Informaciones tratadas a la ligera como éstas contribuyen a reabrir el agujero negro de incomprensión entre científicos y medios que tanto ha costado cerrar (y solo a medias). Conocí a un matemático, jefe de comunicación de una importante institución científica, que consideraba a los periodistas poco menos que incapaces. Decidió que lo mejor era darles la noticia ya redactada y no permitía que accedieran a las fuentes (los investigadores) o lo hacía a regañadientes y bajo vigilancia.
La cuestión no mejora vista desde el otro lado. Hacer información científica ha sido durante muchos años como perseguir neutrinos en el mundo cuántico. Solo había algo peor que entrevistar a un investigador: hablar con un técnico. Generalmente salías más confuso y perplejo que antes de hacer preguntas. Algunos colegas cortaban por lo sano: “A ver, usted dígame esto” -y, sí, le decían al entrevistado lo que tenía que decir- “y que no pase de doce segundos”.

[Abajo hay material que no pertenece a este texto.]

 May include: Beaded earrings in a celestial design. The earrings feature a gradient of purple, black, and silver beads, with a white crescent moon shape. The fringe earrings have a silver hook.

Afortunadamente Microsoft inventó PowerPoint, los científicos empezaron a salir de los laboratorios, a presentar proyectos y dar conferencias, y han terminado por participar en concursos de monólogos y creando su propio canal de Youtube. Paralelamente las grandes instituciones y las empresas montaron gabinetes de comunicación y los medios formaron periodistas especializados en ciencia y tecnología y ofrecieron cursos y charlas a los científicos para acercarlos a la realidad del trabajo en una redacción. Así que con el tiempo y un poco a trompicones hemos ido todos puliendo aristas, limando diferencias y superando desencuentros.
Creo que la esencia de la comunicación científica es la claridad expositiva. Si antes de darle el visto bueno a tu pieza el editor te pregunta “¿Entonces el lago es de agua líquida?” mejor la tiras a la basura y empiezas de nuevo. Los científicos se quejan de que les obligamos a renunciar a la complejidad y a hablar con metáforas para las que no están muy dotados. Recuerdo los apuros de Peter Higgs para explicar su célebre bosón. Yo ni lo intento, tampoco creo que ese sea mi cometido. Me basta con contar que recibió el premio Nobel en 2012 y quizá despertar la curiosidad de algún espectador para que siga indagando.